Saindo dali fomos em direção a um cenário de
horror, a Cracolândia, na Estação da Luz. O encontro de nossa procissão com um
comércio de crack a céu aberto foi impactante.
Ao chegarmos vimos
roupas, frutas e peças de carro sendo expostas em mesas ou no chão para serem
trocadas por pedras de crack. Expostas também estavam as pessoas presentes
naquele lugar, umas deitadas no chão, delirantes, outras paradas olhando
fixamente para algum lugar, com as pupilas dos olhos dilatadas.
Não
avançamos por alguns minutos, era respeitoso da nossa parte entrar somente se
fôssemos convidados. Porém, eis que surgem gritos: “Eles são da Igreja! Podem
entrar!” Nesse instante a cruz foi erguida para que a dor e o sofrimento de
Cristo se unissem à dor e ao abandono daqueles filhos e filhas de Deus.

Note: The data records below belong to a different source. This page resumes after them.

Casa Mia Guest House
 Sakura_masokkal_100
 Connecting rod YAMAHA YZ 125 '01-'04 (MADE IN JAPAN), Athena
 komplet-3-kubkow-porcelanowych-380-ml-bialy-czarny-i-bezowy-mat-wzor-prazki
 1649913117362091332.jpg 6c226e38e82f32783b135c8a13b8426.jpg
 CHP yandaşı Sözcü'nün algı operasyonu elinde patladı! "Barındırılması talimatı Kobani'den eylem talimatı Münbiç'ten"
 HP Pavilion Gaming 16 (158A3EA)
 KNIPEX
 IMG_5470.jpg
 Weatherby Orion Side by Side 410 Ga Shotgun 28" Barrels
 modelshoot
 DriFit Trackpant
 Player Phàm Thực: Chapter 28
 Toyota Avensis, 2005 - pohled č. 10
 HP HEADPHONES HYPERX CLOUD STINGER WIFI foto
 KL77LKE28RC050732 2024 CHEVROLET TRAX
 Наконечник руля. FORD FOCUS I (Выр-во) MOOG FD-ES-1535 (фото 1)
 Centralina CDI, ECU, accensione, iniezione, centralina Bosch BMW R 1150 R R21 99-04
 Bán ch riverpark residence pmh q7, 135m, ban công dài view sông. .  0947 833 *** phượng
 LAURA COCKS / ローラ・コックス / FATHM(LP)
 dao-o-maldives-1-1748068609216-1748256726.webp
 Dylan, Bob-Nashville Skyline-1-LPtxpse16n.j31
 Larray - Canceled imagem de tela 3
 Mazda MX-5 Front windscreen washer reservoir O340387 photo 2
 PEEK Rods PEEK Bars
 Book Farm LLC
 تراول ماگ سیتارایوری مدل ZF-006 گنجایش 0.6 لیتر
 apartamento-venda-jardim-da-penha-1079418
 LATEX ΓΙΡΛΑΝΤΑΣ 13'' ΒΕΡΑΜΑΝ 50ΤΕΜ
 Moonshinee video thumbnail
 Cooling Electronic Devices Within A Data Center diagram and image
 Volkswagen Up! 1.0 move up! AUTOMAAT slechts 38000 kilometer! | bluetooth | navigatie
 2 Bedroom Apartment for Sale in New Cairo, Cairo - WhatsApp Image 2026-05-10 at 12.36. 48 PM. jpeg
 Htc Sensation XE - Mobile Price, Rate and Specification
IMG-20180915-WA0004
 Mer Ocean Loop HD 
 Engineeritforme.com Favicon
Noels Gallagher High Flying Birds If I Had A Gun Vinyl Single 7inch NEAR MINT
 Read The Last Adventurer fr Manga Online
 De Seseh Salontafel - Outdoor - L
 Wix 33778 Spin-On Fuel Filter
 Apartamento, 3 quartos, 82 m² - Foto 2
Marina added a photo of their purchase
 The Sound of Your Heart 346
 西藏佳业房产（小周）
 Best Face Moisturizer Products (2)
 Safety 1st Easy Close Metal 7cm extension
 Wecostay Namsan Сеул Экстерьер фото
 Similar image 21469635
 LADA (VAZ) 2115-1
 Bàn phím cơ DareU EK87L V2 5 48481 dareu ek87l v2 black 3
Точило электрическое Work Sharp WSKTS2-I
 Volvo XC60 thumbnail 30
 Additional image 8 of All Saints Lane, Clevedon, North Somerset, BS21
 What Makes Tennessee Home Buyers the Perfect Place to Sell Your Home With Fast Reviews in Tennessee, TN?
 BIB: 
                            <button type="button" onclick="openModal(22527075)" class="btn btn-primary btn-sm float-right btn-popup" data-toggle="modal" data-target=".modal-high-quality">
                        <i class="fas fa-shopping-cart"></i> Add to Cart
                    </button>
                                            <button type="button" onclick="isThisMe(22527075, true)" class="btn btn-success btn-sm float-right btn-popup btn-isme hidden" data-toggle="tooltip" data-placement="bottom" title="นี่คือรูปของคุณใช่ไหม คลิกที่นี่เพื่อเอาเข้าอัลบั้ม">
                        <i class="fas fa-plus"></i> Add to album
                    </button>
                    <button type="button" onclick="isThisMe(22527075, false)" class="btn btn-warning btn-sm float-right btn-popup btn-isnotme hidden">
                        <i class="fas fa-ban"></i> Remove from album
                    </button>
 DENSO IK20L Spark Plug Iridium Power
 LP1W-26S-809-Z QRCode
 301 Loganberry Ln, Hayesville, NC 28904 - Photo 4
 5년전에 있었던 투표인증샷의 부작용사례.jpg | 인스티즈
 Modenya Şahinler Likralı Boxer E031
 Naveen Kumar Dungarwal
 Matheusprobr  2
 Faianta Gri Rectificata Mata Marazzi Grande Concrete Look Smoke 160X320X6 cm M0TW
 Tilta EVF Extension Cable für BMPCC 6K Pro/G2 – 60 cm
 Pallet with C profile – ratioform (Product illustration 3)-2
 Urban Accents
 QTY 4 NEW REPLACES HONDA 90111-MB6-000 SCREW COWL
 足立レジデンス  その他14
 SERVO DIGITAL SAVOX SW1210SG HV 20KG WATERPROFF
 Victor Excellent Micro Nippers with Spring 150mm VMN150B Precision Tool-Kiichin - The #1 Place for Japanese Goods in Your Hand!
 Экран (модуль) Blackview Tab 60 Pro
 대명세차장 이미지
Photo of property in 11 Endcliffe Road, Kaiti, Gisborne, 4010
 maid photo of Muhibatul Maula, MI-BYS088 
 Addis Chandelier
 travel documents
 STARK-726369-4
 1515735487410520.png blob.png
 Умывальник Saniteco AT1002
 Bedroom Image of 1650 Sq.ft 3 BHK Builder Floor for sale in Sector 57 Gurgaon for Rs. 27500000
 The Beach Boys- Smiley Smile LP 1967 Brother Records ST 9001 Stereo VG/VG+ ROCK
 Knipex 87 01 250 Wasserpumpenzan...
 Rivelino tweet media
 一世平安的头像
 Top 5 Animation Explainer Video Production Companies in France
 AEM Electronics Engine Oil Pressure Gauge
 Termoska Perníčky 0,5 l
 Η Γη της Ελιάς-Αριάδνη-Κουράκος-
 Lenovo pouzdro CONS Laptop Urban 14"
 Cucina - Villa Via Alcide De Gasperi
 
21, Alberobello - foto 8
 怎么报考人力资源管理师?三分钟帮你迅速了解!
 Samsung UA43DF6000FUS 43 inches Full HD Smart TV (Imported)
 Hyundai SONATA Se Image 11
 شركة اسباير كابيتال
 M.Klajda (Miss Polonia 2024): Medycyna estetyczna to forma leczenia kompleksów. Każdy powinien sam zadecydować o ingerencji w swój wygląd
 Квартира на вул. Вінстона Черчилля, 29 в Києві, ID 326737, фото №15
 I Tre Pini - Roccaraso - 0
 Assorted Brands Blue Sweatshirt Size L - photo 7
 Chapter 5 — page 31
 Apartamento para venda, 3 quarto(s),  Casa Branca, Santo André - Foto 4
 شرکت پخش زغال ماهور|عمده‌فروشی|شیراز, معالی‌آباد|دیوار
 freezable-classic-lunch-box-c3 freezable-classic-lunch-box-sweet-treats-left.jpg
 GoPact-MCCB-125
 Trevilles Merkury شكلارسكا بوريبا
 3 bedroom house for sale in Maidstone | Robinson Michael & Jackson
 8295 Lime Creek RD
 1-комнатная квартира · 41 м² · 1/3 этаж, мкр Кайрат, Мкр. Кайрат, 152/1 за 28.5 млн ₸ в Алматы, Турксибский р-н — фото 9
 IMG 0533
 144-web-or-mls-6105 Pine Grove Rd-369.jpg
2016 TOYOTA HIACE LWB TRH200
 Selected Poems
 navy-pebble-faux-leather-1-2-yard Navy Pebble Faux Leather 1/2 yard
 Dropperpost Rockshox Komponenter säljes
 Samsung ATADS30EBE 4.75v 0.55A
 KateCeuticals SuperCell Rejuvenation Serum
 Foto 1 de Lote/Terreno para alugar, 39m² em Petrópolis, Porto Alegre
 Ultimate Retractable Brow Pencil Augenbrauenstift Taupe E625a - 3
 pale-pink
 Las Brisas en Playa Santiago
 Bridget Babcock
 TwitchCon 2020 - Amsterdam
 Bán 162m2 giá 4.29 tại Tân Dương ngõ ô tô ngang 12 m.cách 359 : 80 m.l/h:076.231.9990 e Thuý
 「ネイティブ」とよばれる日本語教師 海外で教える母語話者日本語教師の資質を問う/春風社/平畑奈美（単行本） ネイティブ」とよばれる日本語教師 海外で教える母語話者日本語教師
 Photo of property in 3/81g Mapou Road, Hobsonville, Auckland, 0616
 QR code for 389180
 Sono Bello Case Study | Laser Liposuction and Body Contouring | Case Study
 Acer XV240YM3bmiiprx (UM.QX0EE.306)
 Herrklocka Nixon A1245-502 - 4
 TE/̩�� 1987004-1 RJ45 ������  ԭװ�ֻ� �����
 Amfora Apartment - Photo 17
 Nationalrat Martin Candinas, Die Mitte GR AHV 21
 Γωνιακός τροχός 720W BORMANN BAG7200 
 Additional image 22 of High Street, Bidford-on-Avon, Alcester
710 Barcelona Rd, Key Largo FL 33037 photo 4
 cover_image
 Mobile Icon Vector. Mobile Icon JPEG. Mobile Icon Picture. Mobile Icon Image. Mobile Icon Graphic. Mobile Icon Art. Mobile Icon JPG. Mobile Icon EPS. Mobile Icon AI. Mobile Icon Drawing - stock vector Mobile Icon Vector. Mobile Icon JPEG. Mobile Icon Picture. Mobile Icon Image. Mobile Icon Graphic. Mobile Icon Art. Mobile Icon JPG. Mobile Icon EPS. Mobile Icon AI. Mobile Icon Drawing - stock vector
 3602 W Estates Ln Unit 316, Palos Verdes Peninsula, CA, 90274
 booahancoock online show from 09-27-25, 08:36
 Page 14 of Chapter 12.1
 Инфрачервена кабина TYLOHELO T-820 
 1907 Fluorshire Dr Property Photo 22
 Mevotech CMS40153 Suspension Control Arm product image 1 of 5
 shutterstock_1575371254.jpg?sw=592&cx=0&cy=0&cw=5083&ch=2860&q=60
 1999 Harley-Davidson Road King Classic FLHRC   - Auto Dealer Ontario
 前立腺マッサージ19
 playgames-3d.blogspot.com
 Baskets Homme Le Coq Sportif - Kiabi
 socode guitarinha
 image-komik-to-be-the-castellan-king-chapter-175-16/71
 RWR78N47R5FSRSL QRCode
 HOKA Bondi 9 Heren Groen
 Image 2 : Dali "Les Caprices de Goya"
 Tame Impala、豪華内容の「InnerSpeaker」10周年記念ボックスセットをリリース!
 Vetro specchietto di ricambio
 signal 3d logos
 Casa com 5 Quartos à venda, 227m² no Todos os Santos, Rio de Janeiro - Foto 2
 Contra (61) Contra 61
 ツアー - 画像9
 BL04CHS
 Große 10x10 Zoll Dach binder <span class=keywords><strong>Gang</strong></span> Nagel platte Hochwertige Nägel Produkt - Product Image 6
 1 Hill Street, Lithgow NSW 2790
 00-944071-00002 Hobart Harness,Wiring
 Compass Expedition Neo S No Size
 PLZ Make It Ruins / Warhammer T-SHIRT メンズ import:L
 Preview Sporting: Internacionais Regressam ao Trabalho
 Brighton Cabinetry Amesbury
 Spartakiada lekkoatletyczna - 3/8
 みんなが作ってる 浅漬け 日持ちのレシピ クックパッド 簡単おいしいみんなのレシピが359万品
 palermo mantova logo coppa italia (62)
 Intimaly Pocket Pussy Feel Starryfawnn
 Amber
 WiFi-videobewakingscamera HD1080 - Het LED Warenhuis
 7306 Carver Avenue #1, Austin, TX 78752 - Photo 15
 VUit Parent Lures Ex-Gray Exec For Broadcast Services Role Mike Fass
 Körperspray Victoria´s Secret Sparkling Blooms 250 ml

Algumas pessoas, mesmo na ‘nóia’, vinham ao
encontro dos sacerdotes pedindo-lhes a bênção e abraçando-os. Ali rezamos mais
um mistério do santo terço e, aos poucos, levantava-se um grande clamor. Eis
que a luz entra onde as trevas são evidentes. Uma experiência única, imagens
que não saem da nossa cabeça, primeiramente pelo horror que nos causam. Como
pode alguém viver assim? Mas também por vermos a beleza da cruz, que, em meio a
tanto sofrimento, se deixa encontrar pelos mais pobres e excluídos. Uma lição
de vida!
A Via-Sacra segue
com os jovens expressando sua fé e alegria por poder levar esperança a tantos
que não a têm.
O trajeto é encerrado às 23h10 com o ápice da
fé: a Santa Missa na Igreja de Nossa Senhora da Boa Morte. Ali a cruz fica até
terça-feira, quando mais uma vez – como peregrina que é – continua seu caminho.